(Records provided begins)

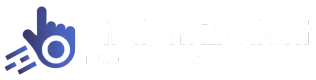 Straight2Client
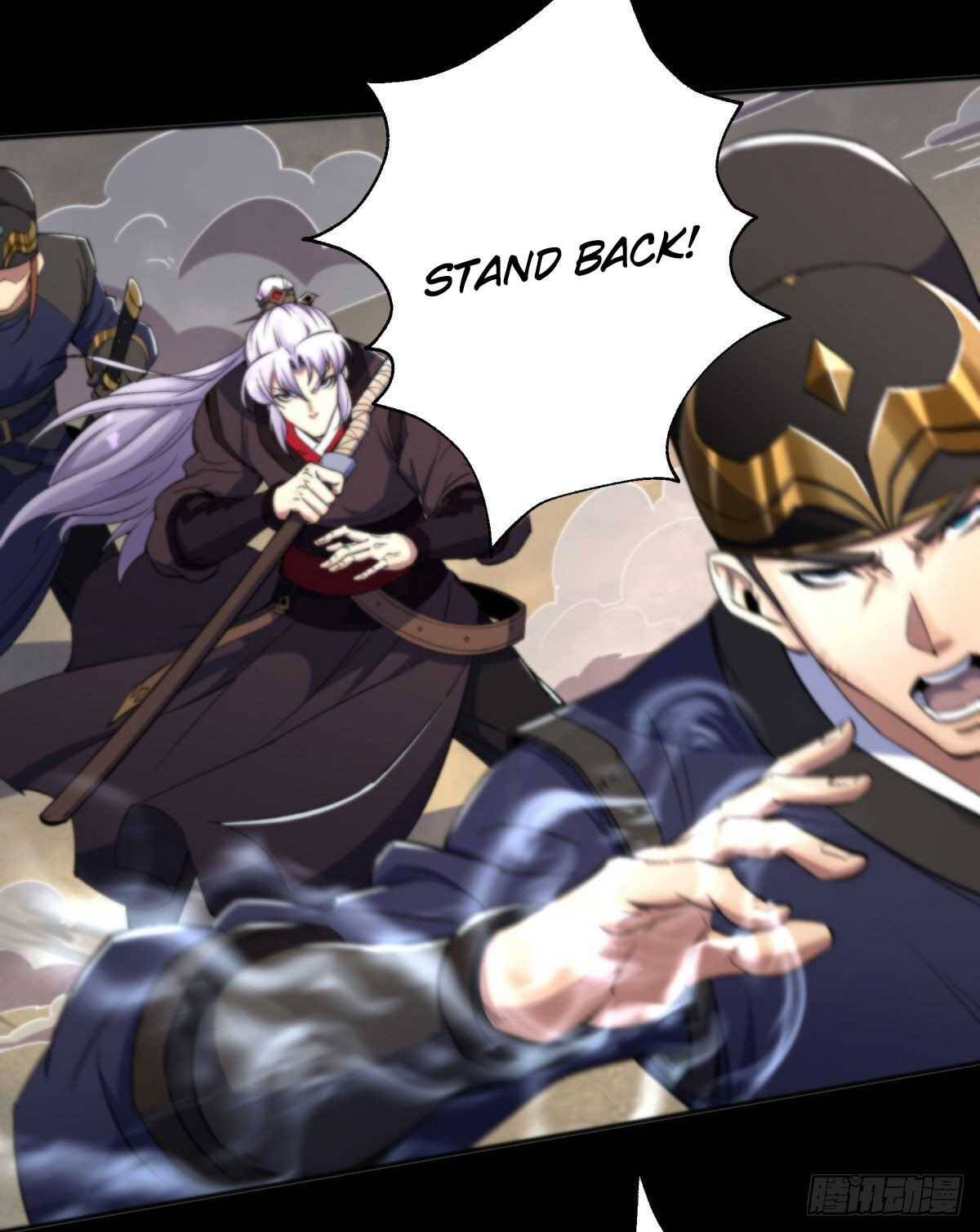 Page 25 of Chapter 9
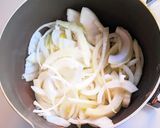 鯖缶トマトカレー作り方4写真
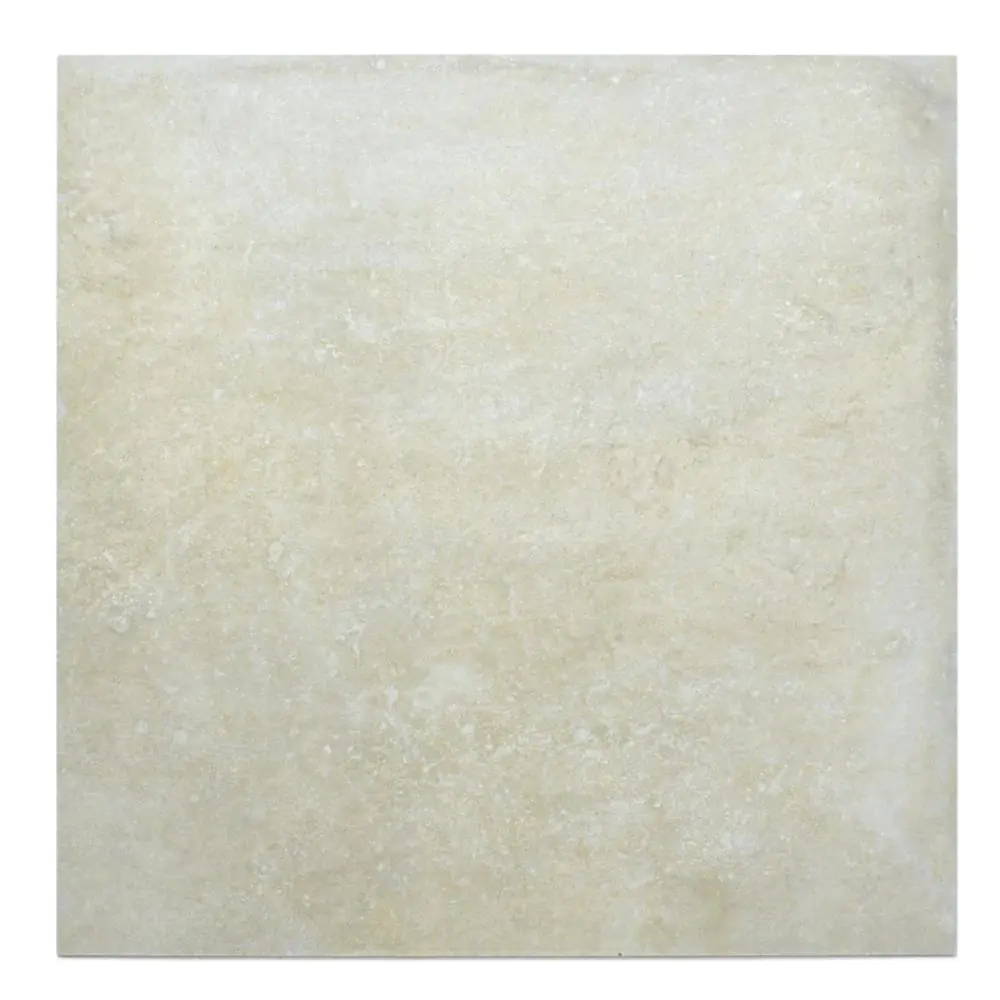 Bodenfliese Abitare PF00015958 Phorma beige 80x80 cm I.Sorte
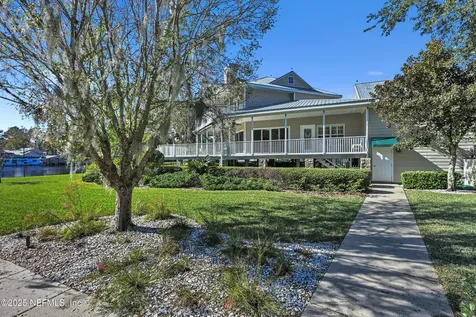 56633 Otter Road Astor FL 32102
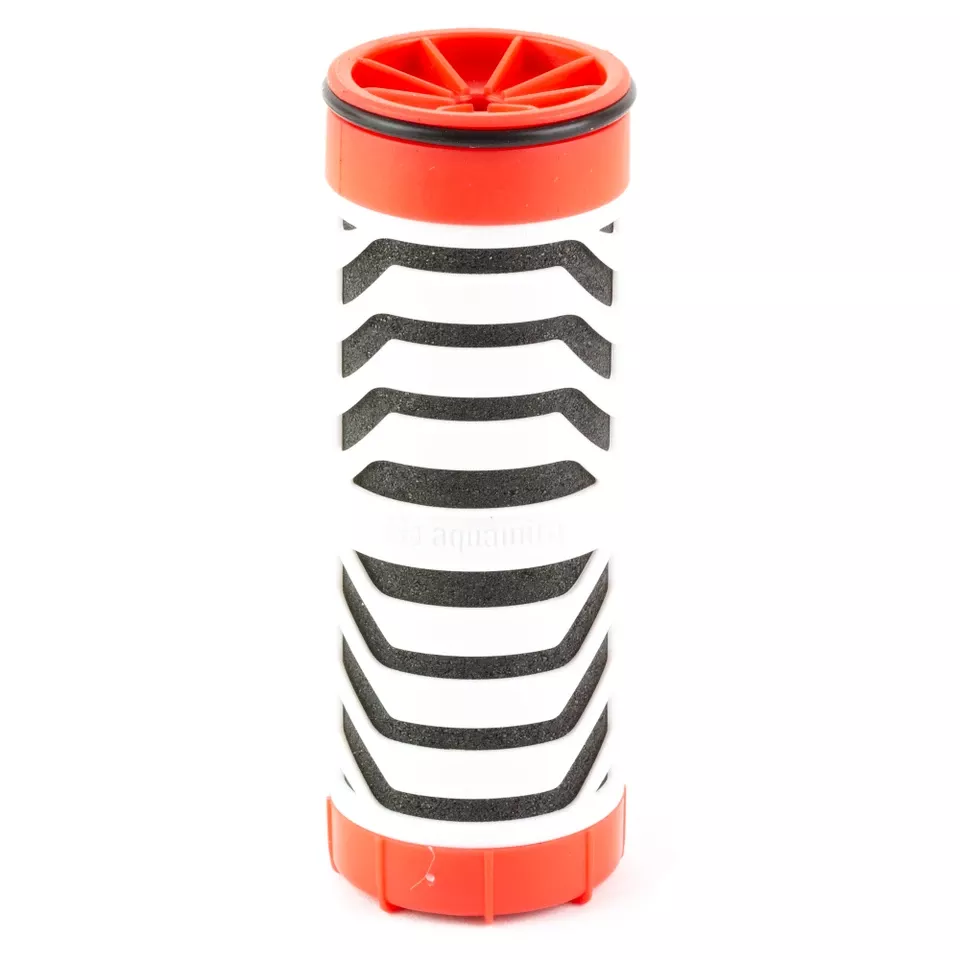 AQUAM Worldwide SRS IV Replacement Filter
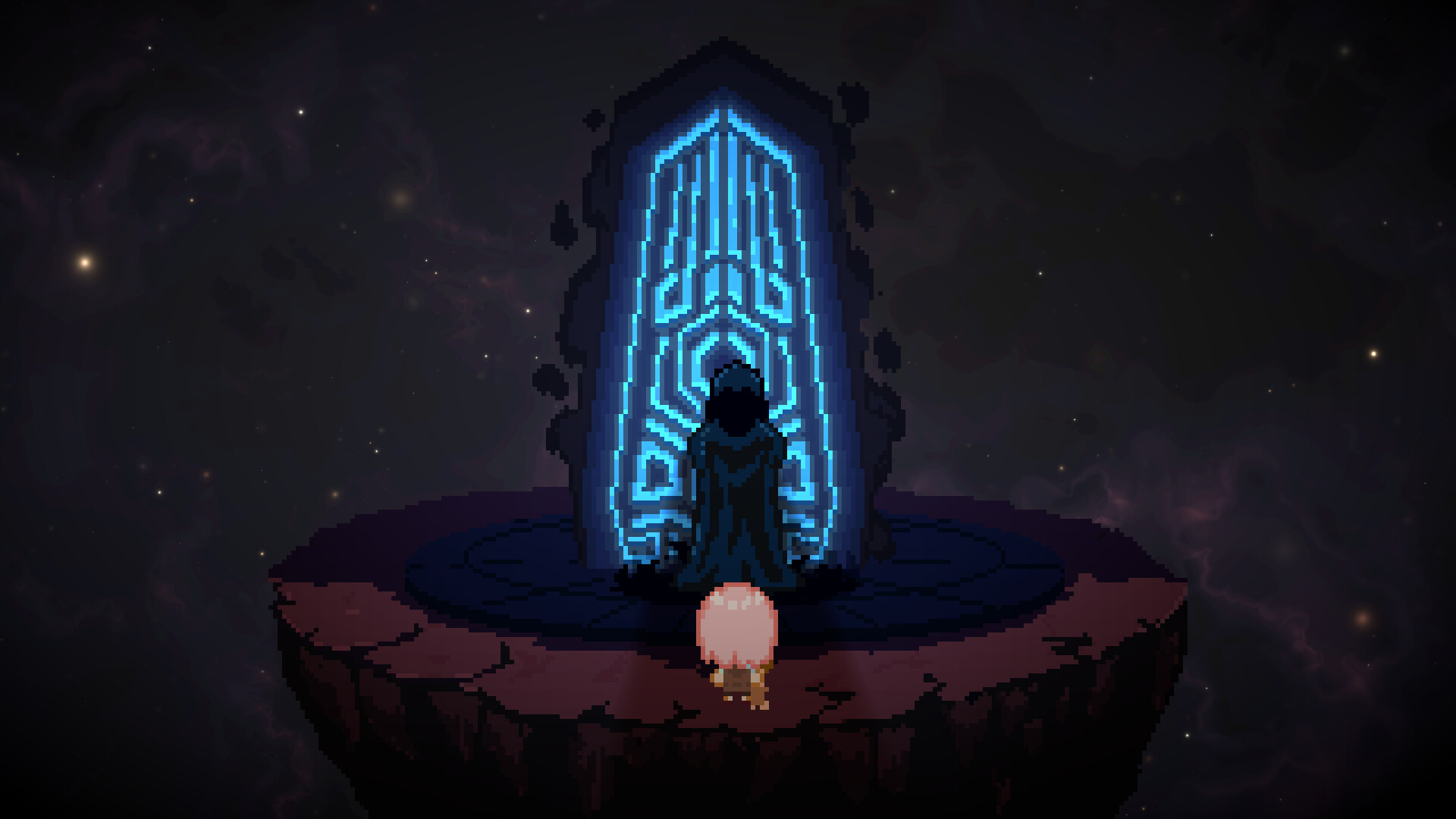 A Mind Apart Screenshot 0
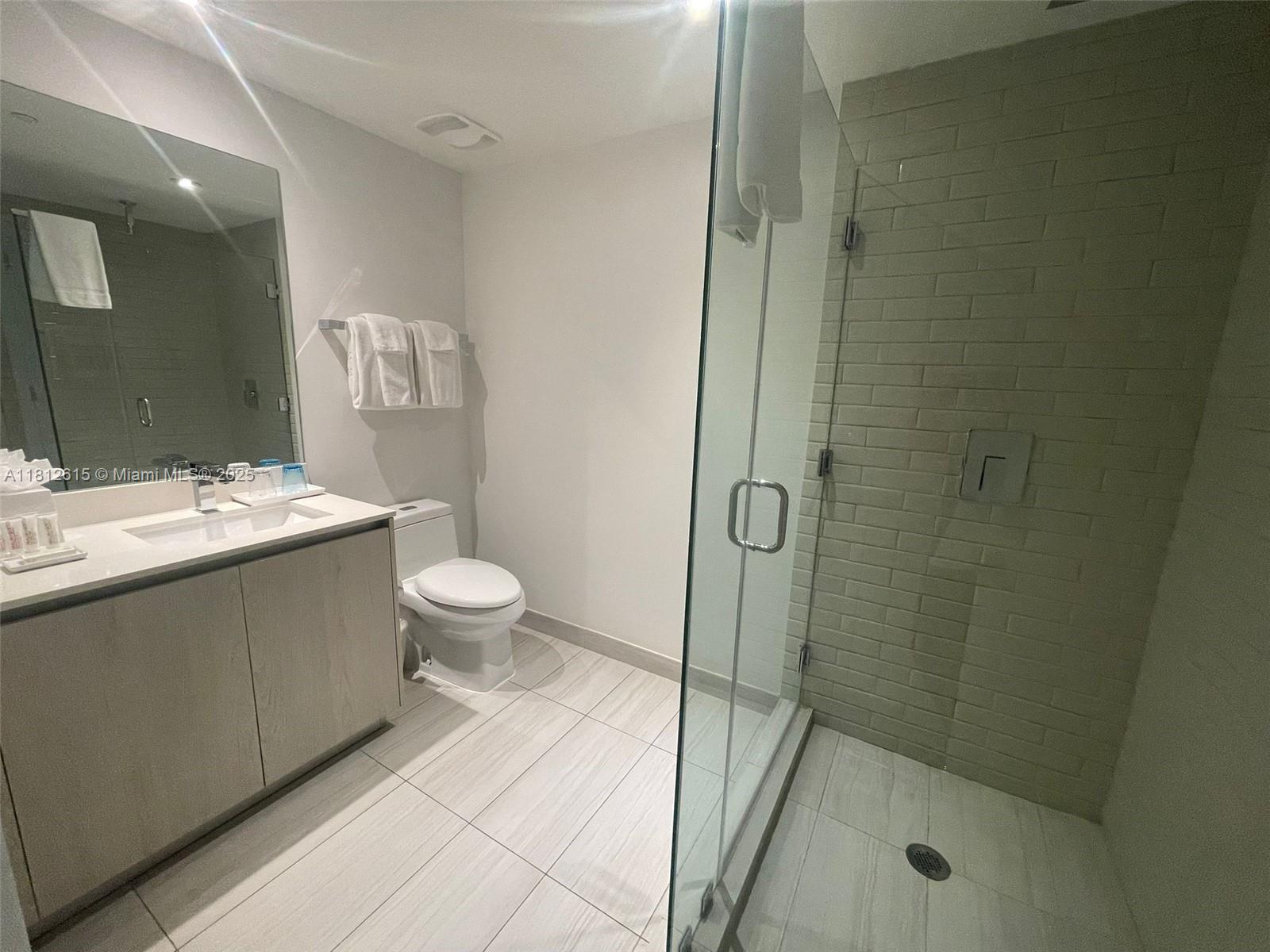 4010 SOUTH OCEAN CONDO - Residential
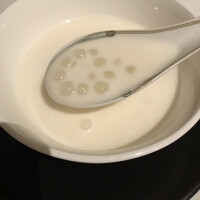 中国飯店 市ヶ谷店 - 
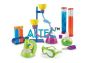 School Science Teaching Materials Suppliers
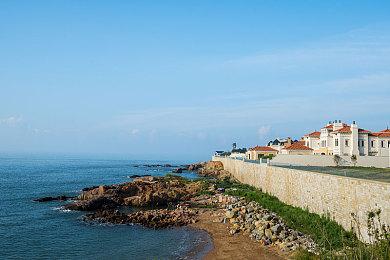 重温经典 玩家自制《毁灭公爵3D：遗产版》发布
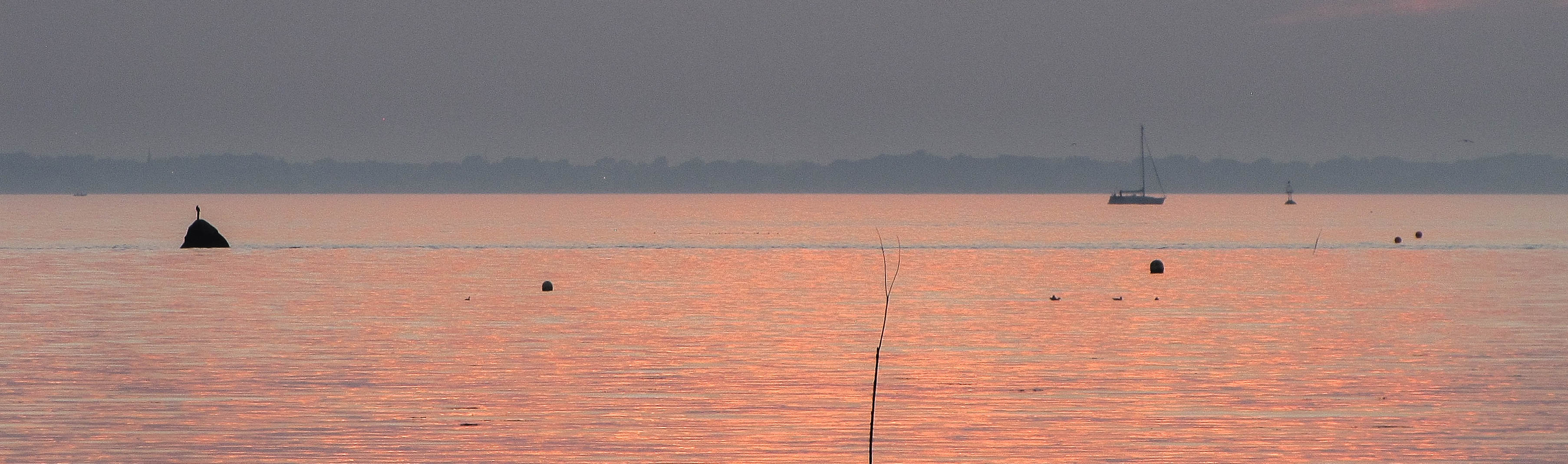 la baie de cuivre en fusion, 2 nov 17 (1 sur 1).jpg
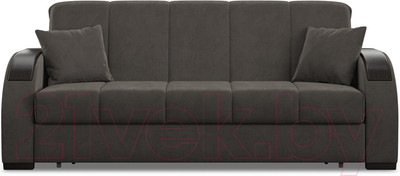 Диван Moon Family Барселона 102 80334572 / 80539322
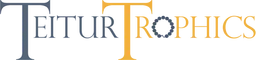 Teitur Trophics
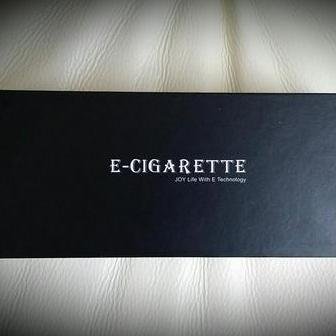 ecig_lifestyle's profile picture. 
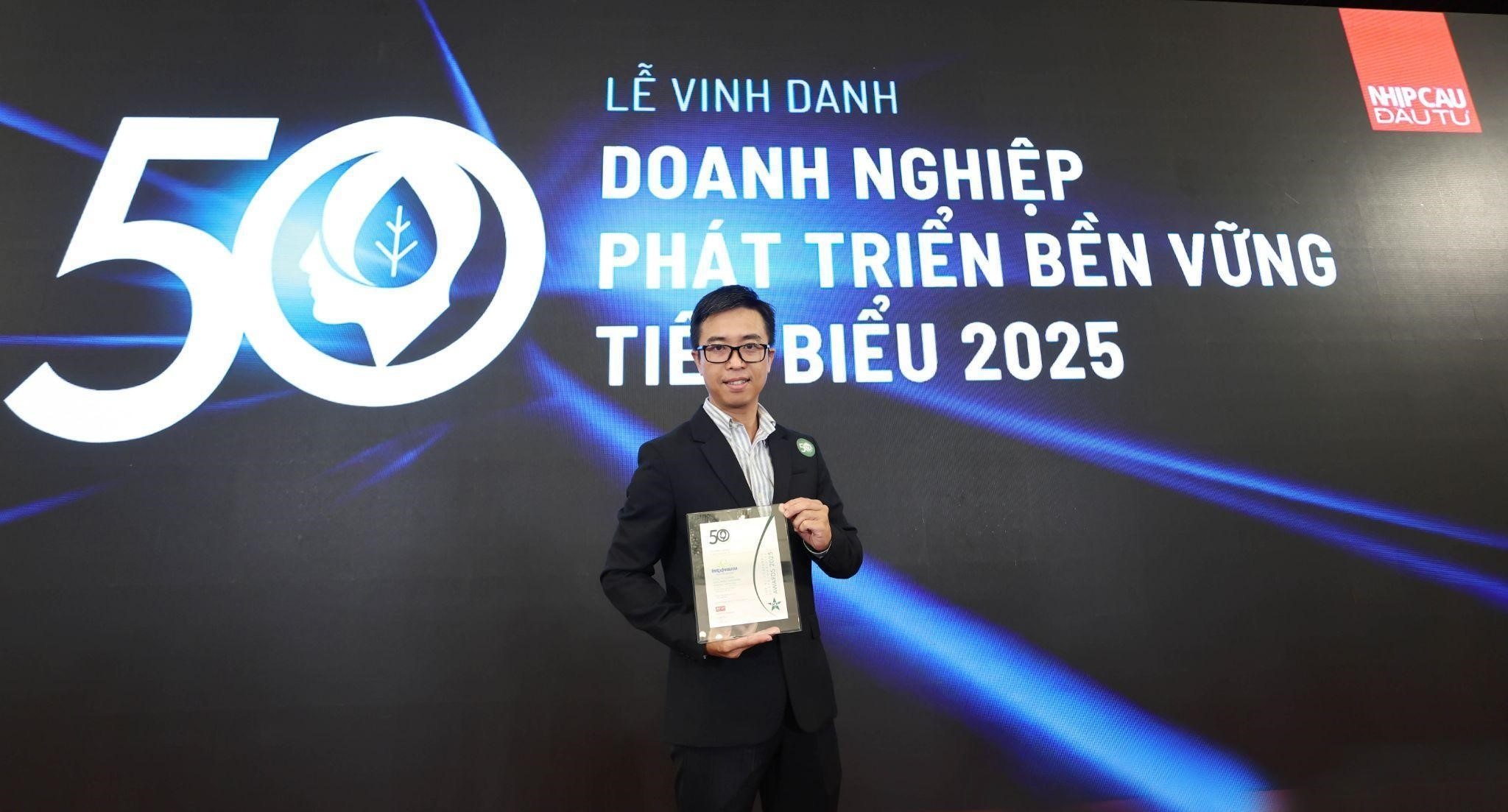 Imexpharm anh 3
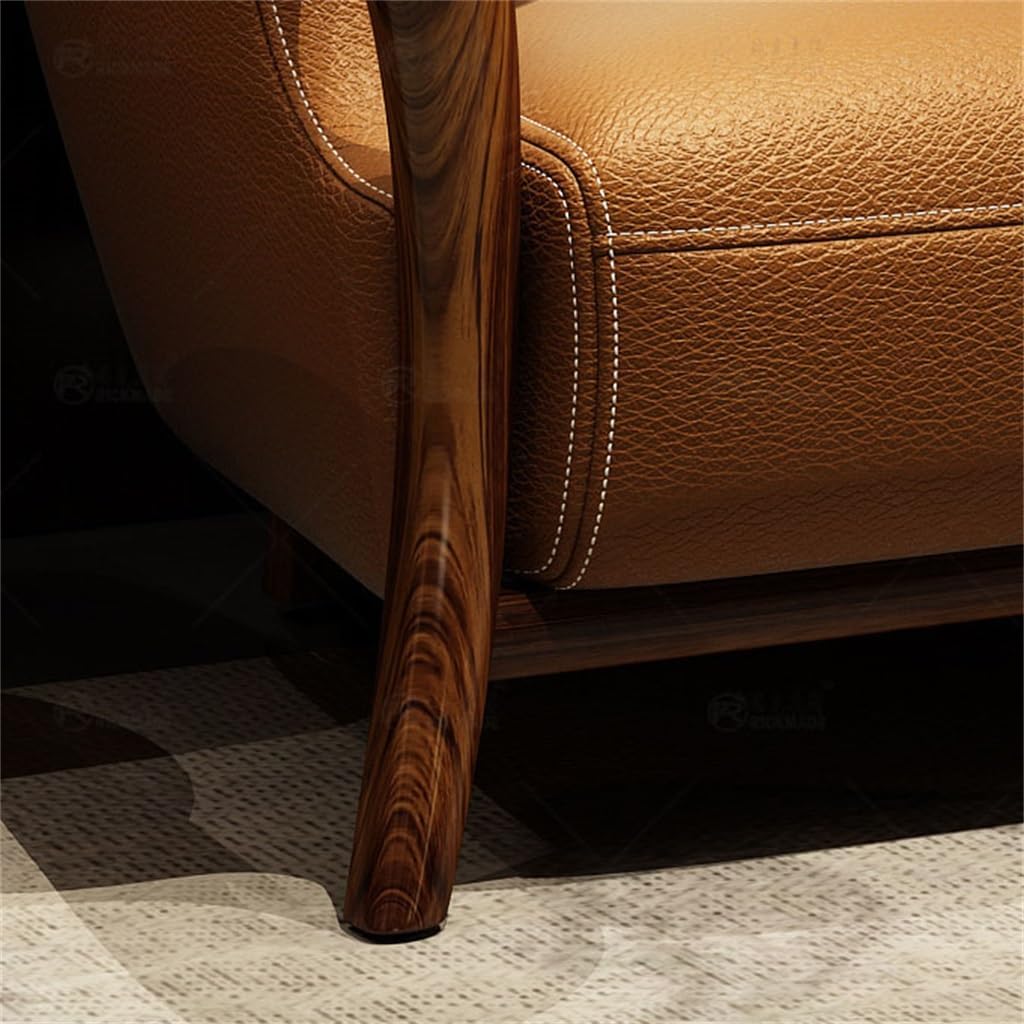 solid wood skeleton sofa worth it,should I buy a skeleton sofa,solid wood sofa pros cons,skeleton sofa vs traditional sofa,best solid wood furniture,YWMLFZ sofa honest opinion performance testing and real-world results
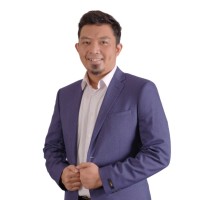 Nizar Zakaria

(Records provided ends)

**Activity**
Apart from the pictures, set down all the entries above exactly.

**Exercise response**
 Straight2Client
 Page 25 of Chapter 9
 鯖缶トマトカレー作り方4写真
 Bodenfliese Abitare PF00015958 Phorma beige 80x80 cm I.Sorte
 56633 Otter Road Astor FL 32102
 AQUAM Worldwide SRS IV Replacement Filter
 A Mind Apart Screenshot 0
 4010 SOUTH OCEAN CONDO - Residential
 中国飯店 市ヶ谷店 - 
 School Science Teaching Materials Suppliers
 重温经典 玩家自制《毁灭公爵3D：遗产版》发布
 la baie de cuivre en fusion, 2 nov 17 (1 sur 1).jpg
 Диван Moon Family Барселона 102 80334572 / 80539322
 Teitur Trophics
 ecig_lifestyle's profile picture. 
 Imexpharm anh 3
 solid wood skeleton sofa worth it,should I buy a skeleton sofa,solid wood sofa pros cons,skeleton sofa vs traditional sofa,best solid wood furniture,YWMLFZ sofa honest opinion performance testing and real-world results
 Nizar Zakaria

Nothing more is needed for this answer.